Foi o que ocorreu”, explica Aécio Oliveira, professor de economia da Universidade Federal do Ceará (UFC). Já pressionada por medidas impopulares e após uma reeleição, em 1987, por uma pequena margem de votos, Thatcher se enfraqueceu ainda mais ao recusar a ideia de uma União Europeia (UE), bloco que seria formalmente criado em 1993.

Ao criar Poll Tax, imposto regressivo que custearia os governos locais mediante uma taxa única, o que faria as famílias de renda mais baixa pagarem proporcionalmente mais, Thatcher sofreu uma campanha popular mais implacável que ela própria. Perdeu apoio dentro do partido e se viu obrigada a renunciar ao cargo.
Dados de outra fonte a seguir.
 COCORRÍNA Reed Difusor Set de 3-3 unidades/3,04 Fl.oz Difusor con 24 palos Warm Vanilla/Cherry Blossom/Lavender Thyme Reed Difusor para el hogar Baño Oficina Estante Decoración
A crise econômica europeia atual é encarada por alguns analistas como uma pedra cantada por Thatcher. Mas ela não era voz única contra o ingresso britânico na zona do euro. Há dois meses, o premiê David Cameron, conservador, vetou o tratado da UE para reforçar a disciplina fiscal e financeira do bloco, gesto aprovado por 57% dos britânicos, conforme pesquisa do jornal Times. O britânico é, em essência, contra a participação do país no bloco. “O Reino Unido já foi o grande império do mundo, antes de perder o posto para os EUA. Os britânicos não querem entrar nessa porque se pensam grandiosos. Mas será que eles estão imunes à crise só por não estarem na zona do euro?”, indaga Aécio Oliveira.
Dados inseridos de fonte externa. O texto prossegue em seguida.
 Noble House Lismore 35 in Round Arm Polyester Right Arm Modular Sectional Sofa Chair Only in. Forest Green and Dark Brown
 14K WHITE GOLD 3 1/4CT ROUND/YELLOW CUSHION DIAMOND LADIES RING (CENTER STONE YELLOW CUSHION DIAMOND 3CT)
Para o economista, esta crise sepulta muito do que Thatcher pregou. “O que acontece hoje é o oposto do que Thatcher propôs. Vemos um retorno da política keynesiana, do Estado como fundamental para o controle da economia, com aumento de impostos e redução de gastos”, pontua Oliveira. Os líderes europeus clamam mais regras para o setor financeiro, na contramão do livre-mercado.

Coutinho, por sua vez, não acha que os pensamentos da Dama de Ferro se oxidaram. “Thatcher não era antieuropeia, ela pretendia a existência de uma comunidade econômica de nações livres. Thatcher opôs-se à criação do euro porque via no gesto uma ameaça à soberania dos Estados. Estava correta com vários anos de antecedência: a crise que a Europa vive hoje é uma crise do euro, ou seja, da existência de uma moeda comum, fortíssima, que serve realidades econômicas muito distintas”, pondera.

Se Margaret Thatcher seria capaz de pôr fim à crise, o analista português não sabe. Mas tem quase certeza de que ela apostaria no “desmantelamento da moeda única”.